I think one of the challenges of that though, would be we just finally have the field in consensus about this is how we handle CYP2D6. And so, if we were going to suddenly change the activity scores, that would make a little bit challenging because labs would have to go back and make changes again to their tests. But if it ends up being better for the patients, maybe that’s not a bad approach. But the other thing we’d have to do is the current model is really relying on using these specific large training set where the data for the level of the drug and the metabolite were used as those inputs.
So, I don’t think it would have a great mechanism right now to predict the impact of a rare variant if we encountered one in clinical practice. So, I think it’d be neat if they could take this model and maybe add some additional features to it like perhaps some further work could add additional parameters, like, what’s the amino acid substitution, and what are the properties of the amino acid that’s normally at that position compared to the one that’s introduced by the genetic variant? Or where in the enzyme is that substitution located? Is it in a critical domain? Or other variables, that would help better predict the impact of a novel amino acid substitution, as well as the ones that were already part of the cohort and characterize.

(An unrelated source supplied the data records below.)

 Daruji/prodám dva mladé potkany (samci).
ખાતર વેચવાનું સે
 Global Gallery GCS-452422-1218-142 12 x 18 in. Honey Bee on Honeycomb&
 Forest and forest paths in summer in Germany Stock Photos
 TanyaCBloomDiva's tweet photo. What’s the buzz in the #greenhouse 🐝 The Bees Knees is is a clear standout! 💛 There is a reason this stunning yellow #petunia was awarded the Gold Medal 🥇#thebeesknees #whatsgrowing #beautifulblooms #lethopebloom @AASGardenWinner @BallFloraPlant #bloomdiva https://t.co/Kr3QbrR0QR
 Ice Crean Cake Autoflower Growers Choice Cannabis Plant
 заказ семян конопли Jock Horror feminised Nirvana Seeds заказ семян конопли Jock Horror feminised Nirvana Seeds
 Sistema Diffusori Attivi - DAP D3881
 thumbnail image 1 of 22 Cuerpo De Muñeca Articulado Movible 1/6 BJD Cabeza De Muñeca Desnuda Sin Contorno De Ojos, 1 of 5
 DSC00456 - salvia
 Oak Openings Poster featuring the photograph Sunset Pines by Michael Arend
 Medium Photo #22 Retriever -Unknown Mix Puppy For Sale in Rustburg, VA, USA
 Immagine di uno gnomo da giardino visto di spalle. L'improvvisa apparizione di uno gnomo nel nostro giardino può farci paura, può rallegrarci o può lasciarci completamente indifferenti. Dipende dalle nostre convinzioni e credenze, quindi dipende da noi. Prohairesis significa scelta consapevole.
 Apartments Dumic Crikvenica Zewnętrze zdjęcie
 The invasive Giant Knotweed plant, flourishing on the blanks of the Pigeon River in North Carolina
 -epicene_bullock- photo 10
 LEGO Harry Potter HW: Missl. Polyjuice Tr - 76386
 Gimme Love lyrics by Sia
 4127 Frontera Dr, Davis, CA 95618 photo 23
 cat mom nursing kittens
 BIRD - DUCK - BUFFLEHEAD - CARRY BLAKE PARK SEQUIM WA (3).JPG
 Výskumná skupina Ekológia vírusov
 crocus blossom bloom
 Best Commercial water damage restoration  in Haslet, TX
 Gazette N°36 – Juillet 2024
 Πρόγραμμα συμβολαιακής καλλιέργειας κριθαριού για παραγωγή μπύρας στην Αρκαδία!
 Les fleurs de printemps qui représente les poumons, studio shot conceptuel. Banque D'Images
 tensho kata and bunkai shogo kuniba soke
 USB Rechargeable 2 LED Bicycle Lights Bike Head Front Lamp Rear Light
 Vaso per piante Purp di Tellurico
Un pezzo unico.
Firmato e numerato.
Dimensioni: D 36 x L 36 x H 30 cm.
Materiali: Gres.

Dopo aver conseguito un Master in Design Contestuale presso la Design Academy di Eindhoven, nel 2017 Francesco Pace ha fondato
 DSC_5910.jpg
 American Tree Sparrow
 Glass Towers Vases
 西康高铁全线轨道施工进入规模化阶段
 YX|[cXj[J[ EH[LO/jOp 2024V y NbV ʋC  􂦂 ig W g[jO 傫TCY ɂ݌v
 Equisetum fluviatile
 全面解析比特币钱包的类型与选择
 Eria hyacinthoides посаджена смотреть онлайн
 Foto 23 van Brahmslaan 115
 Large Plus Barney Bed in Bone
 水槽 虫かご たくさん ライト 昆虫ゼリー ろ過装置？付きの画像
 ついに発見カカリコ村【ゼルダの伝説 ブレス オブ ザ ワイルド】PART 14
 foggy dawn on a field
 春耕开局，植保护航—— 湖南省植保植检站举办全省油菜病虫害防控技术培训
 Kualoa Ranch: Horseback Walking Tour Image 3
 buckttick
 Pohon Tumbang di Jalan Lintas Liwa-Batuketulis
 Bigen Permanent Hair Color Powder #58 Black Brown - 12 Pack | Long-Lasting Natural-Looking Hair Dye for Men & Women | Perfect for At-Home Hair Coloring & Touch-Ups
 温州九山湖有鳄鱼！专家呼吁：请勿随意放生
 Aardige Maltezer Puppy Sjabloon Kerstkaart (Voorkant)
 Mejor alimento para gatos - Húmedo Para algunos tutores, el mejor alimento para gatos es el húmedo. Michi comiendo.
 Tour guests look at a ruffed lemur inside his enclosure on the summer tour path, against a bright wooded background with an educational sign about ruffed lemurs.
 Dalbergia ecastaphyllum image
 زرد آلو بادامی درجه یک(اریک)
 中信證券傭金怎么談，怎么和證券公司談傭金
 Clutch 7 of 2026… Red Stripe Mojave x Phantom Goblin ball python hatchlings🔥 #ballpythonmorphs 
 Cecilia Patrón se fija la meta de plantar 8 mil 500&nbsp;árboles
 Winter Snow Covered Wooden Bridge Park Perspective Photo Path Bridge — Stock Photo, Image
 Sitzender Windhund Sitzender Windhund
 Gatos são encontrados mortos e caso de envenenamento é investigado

So, I think there’s still some work to do but this was a really exciting proof of concept study that raised some very interesting questions and considerations. And I think it’s exciting because it means that maybe in the future, we’ll be able to better predict enzyme activity and drug response phenotypes, and maybe some of that could be accomplished by utilizing modeling and some AI approaches like they did in this study.
That was Dr. Ann Moyer, a Molecular Genetic Pathologist at the Mayo Clinic. She has been our guest in this podcast on a novel approach to improve the accuracy of Cytochrome P450 2D6 enzyme activity and drug response predictions. She is co-author of a perspective article describing that approach that appears in the May, 2022 issue of Clinical Chemistry. I’m Bob Barrett. Thanks for listening.